* **Problem description**
Without the pictures, copy all the entries below exactly.

###

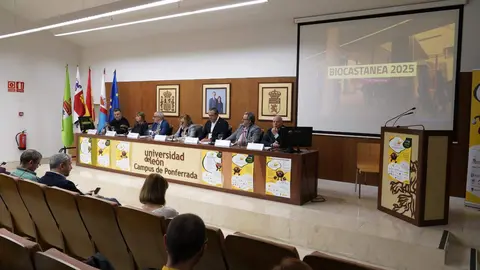 (I a D): El concejal de Medio Ambiente y Desarrollo Rural del Ayuntamiento de Carracedelo (León), Daniel Franco; la coordinadora de la Junta de Castilla y León en El Bierzo, Rosana Velasco; el presidente del Consejo Comarcal del Bierzo, Olegario Ramón; la vicerrectora del Campus del Bierzo de la ULE, Pilar Marqués; el alcalde de Corullón, Luis Alberto Arias, el Concejal de Medioambiente, Transporte y Movilidad del Ayuntamiento de Ponferrada, Carlos Fernández; y el gerente de la Mesa del Castaño, Pablo Linares, durante la inauguración de Biocastanea 2025. Foto: César Sánchez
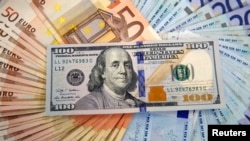Avro və dollar banknotlar
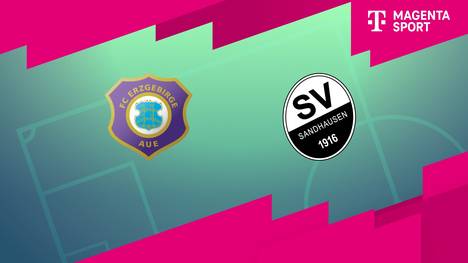 FC Erzgebirge Aue - SV Sandhausen: Tore und Highlights | 3. Liga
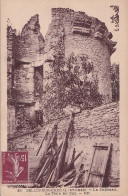 D22-41) SELLES SUR CHER - LOIR ET CHER - LE CHATEAU - LA TOUR DU COQ - Selles Sur Cher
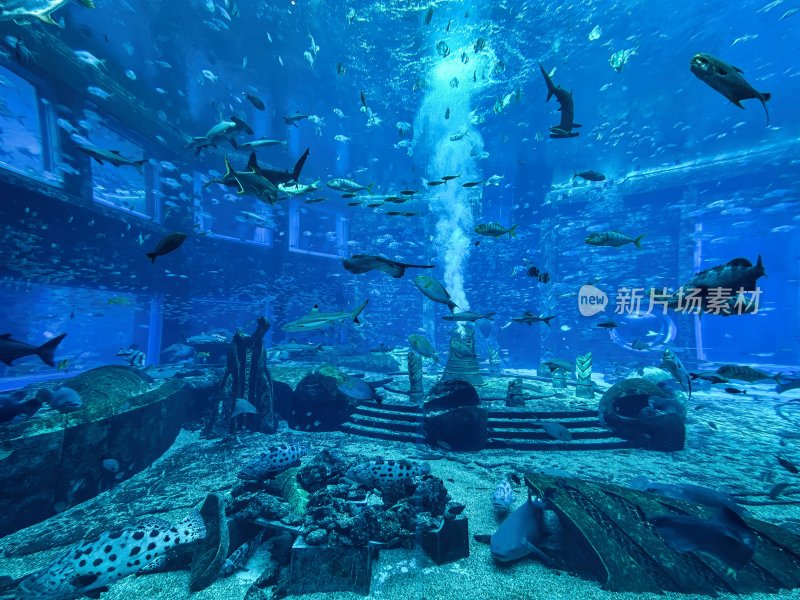 三亚亚特兰蒂斯酒店的水族馆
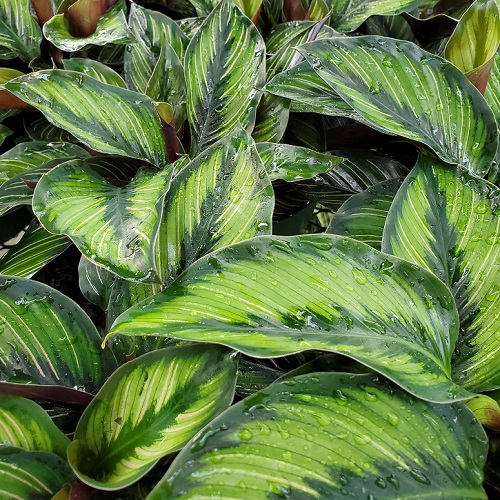 Beauty Star Calathea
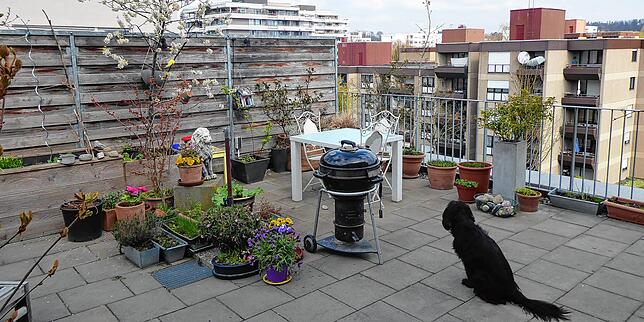 Blick von der Terrasse auf die Nordseite des Areals, wo keine laute Straße vorbeiführt, sondern nur Wohnblocks stehen.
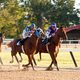 Campeón (Secretariat)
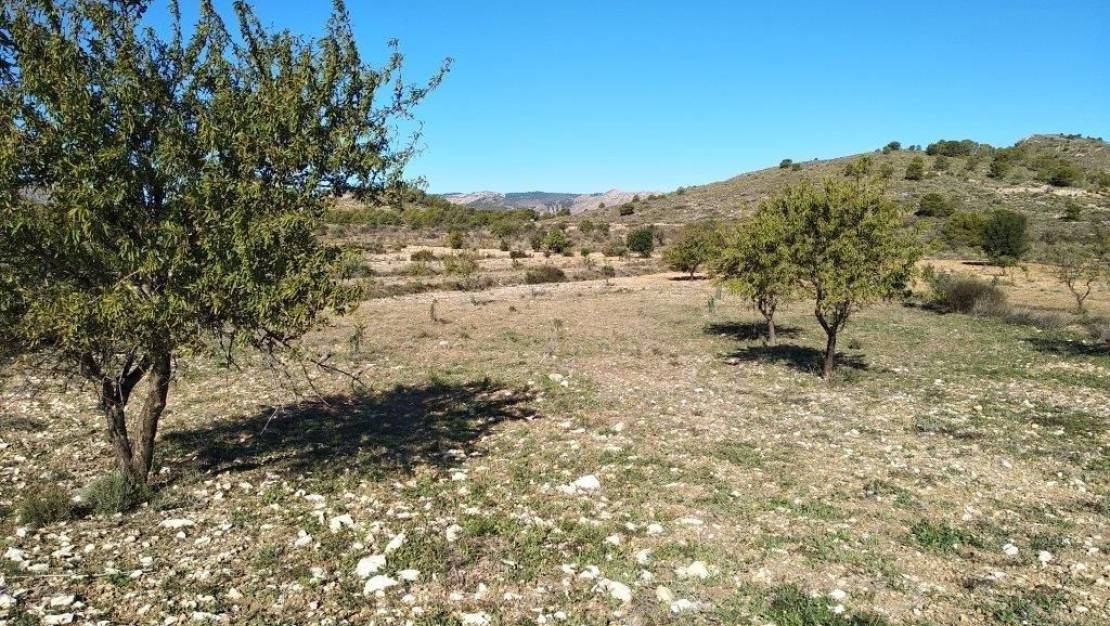 Sale - Land - Relleu - Relleu Centro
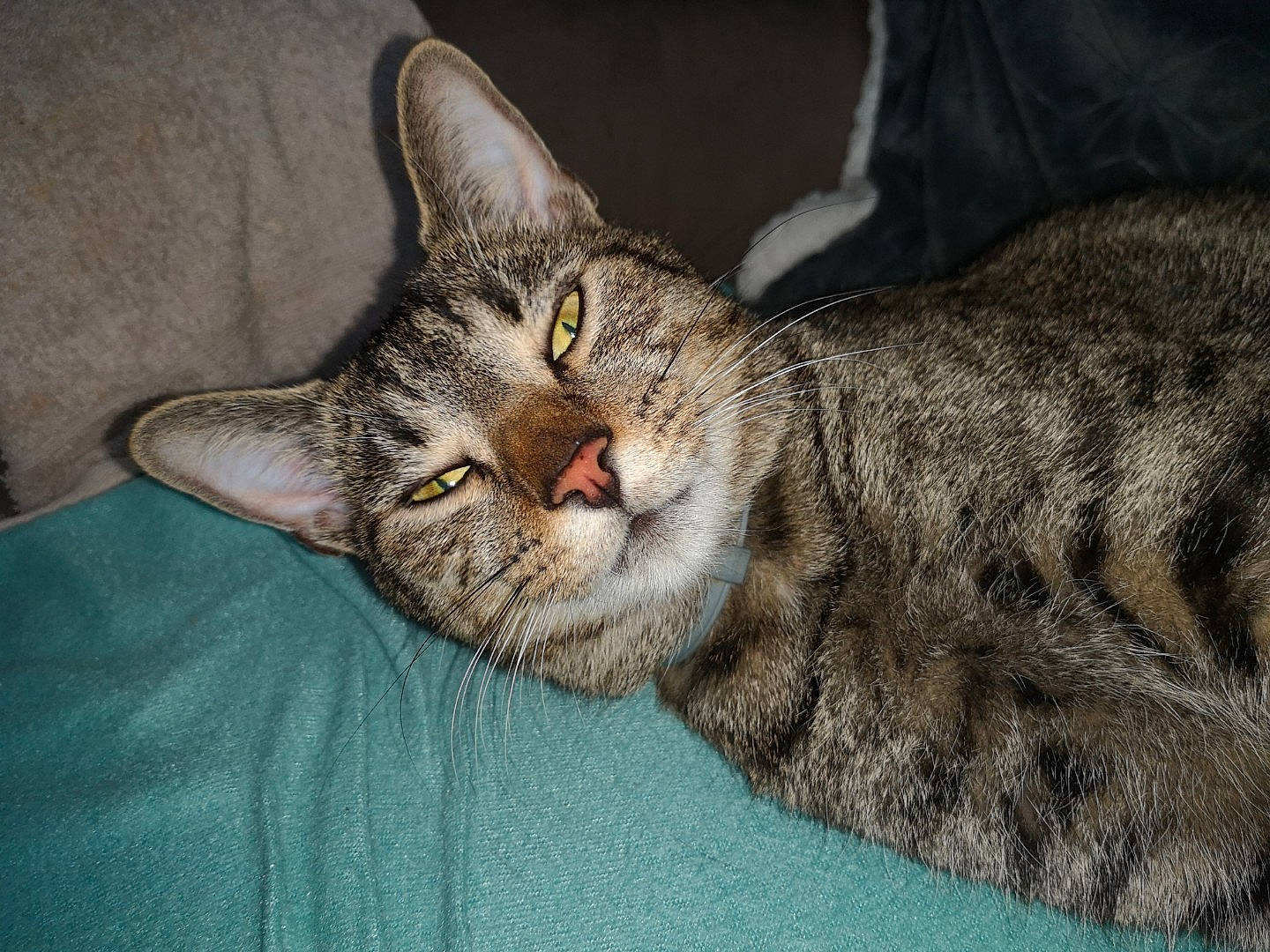 Felix participe au concours pour gagner de l'argent avec cette photo : carnivore, cat, claw, comfort, domestic_short_haired_cat, felidae, fur, nap, paw, sleep, small_to_medium_sized_cats, snout, terrestrial_animal, whiskers, wildlife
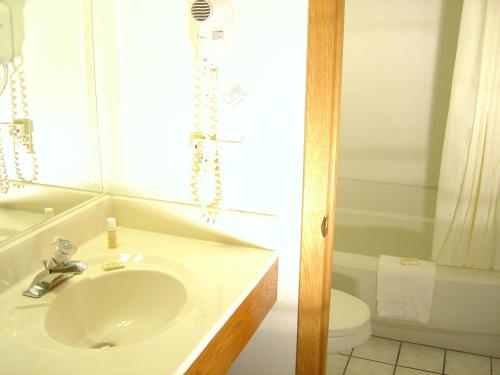 Wakota Inn and Suites - image 7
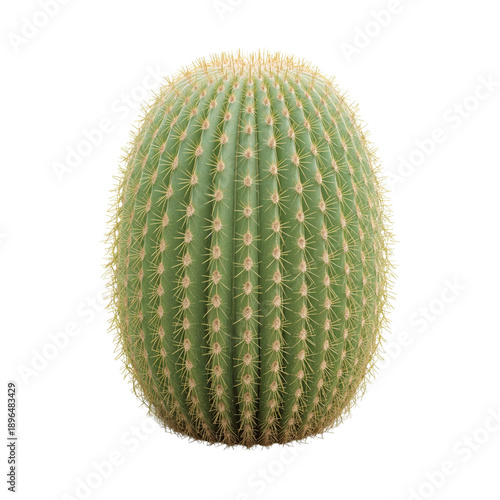 Cactus Stands Alone Under Bright Light in a Desert Setting During Daytime
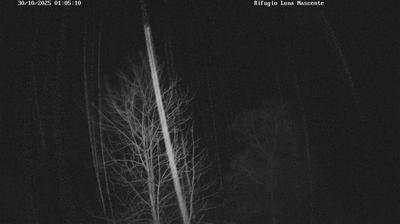 immagine della webcam nei dintorni di Rasura: webcam Val Masino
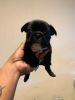 Beautiful female Frenchie for sale. 1 month old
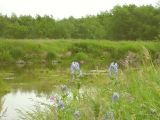 Aconitum maximum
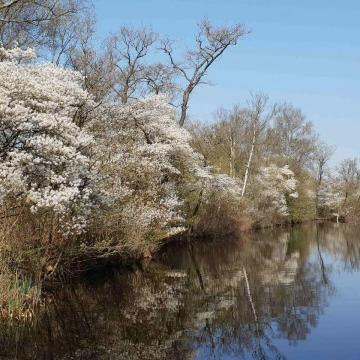 Wandeling: De Haeck ontwaakt uit zijn winterslaap
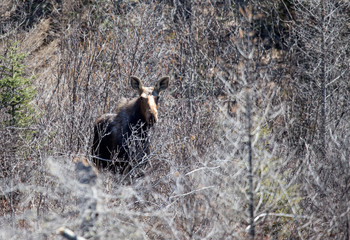 moose female with calf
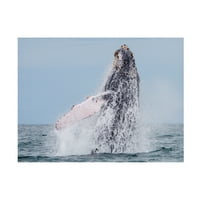ГУИЛЕРМО ОСА „Миграција на кит на кит“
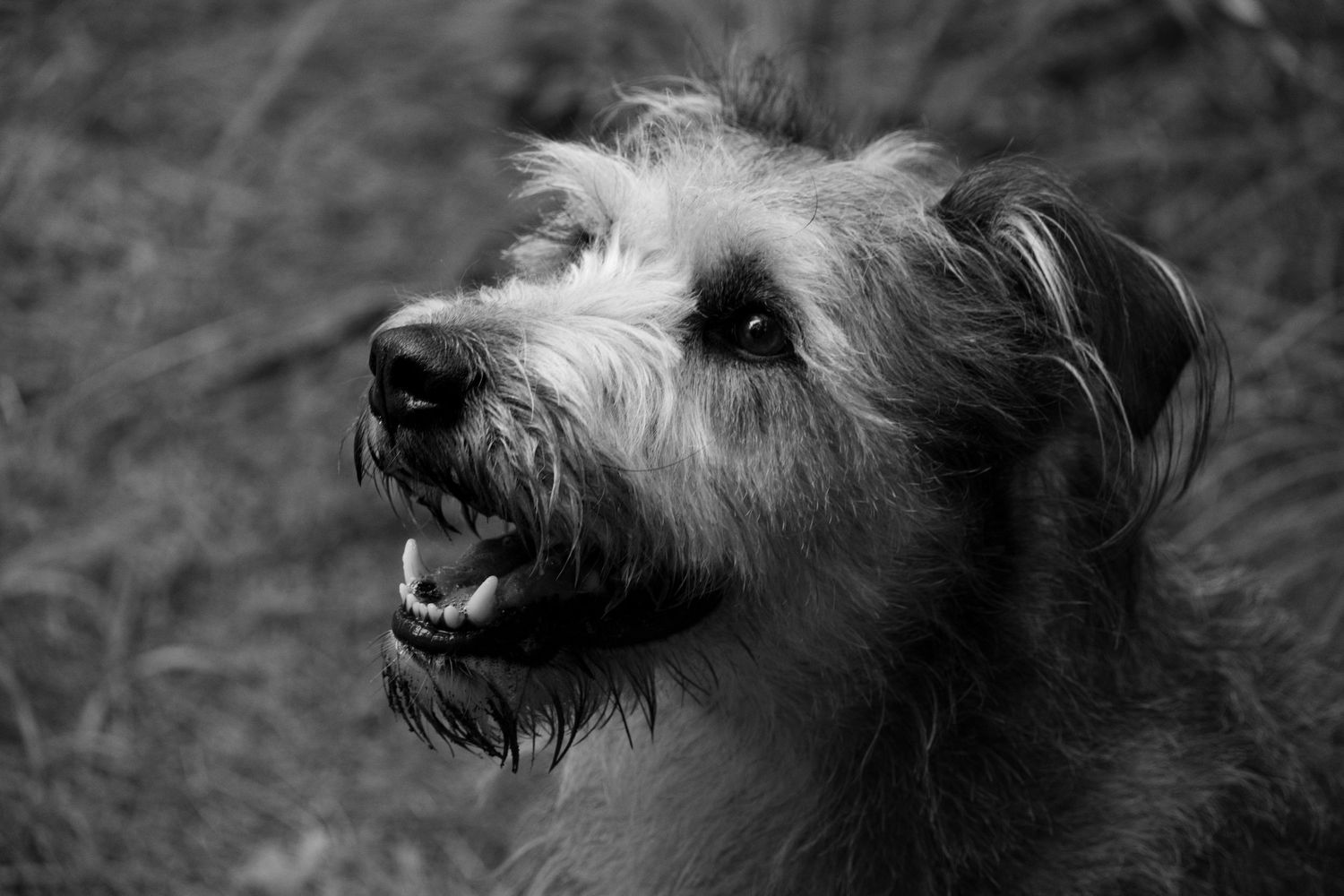 Black and white portrait of a scruffy terrier dog with mouth open, looking alert outdoors.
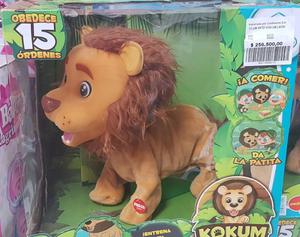 Kokum Baby Lion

###

* **Response**
 (I a D): El concejal de Medio Ambiente y Desarrollo Rural del Ayuntamiento de Carracedelo (León), Daniel Franco; la coordinadora de la Junta de Castilla y León en El Bierzo, Rosana Velasco; el presidente del Consejo Comarcal del Bierzo, Olegario Ramón; la vicerrectora del Campus del Bierzo de la ULE, Pilar Marqués; el alcalde de Corullón, Luis Alberto Arias, el Concejal de Medioambiente, Transporte y Movilidad del Ayuntamiento de Ponferrada, Carlos Fernández; y el gerente de la Mesa del Castaño, Pablo Linares, durante la inauguración de Biocastanea 2025. Foto: César Sánchez
Avro və dollar banknotlar
 FC Erzgebirge Aue - SV Sandhausen: Tore und Highlights | 3. Liga
 D22-41) SELLES SUR CHER - LOIR ET CHER - LE CHATEAU - LA TOUR DU COQ - Selles Sur Cher
 三亚亚特兰蒂斯酒店的水族馆
 Beauty Star Calathea
 Blick von der Terrasse auf die Nordseite des Areals, wo keine laute Straße vorbeiführt, sondern nur Wohnblocks stehen.
 Campeón (Secretariat)
 Sale - Land - Relleu - Relleu Centro
 Felix participe au concours pour gagner de l'argent avec cette photo : carnivore, cat, claw, comfort, domestic_short_haired_cat, felidae, fur, nap, paw, sleep, small_to_medium_sized_cats, snout, terrestrial_animal, whiskers, wildlife
 Wakota Inn and Suites - image 7
 Cactus Stands Alone Under Bright Light in a Desert Setting During Daytime
 immagine della webcam nei dintorni di Rasura: webcam Val Masino
 Beautiful female Frenchie for sale. 1 month old
 Aconitum maximum
 Wandeling: De Haeck ontwaakt uit zijn winterslaap
 moose female with calf
ГУИЛЕРМО ОСА „Миграција на кит на кит“
 Black and white portrait of a scruffy terrier dog with mouth open, looking alert outdoors.
 Kokum Baby Lion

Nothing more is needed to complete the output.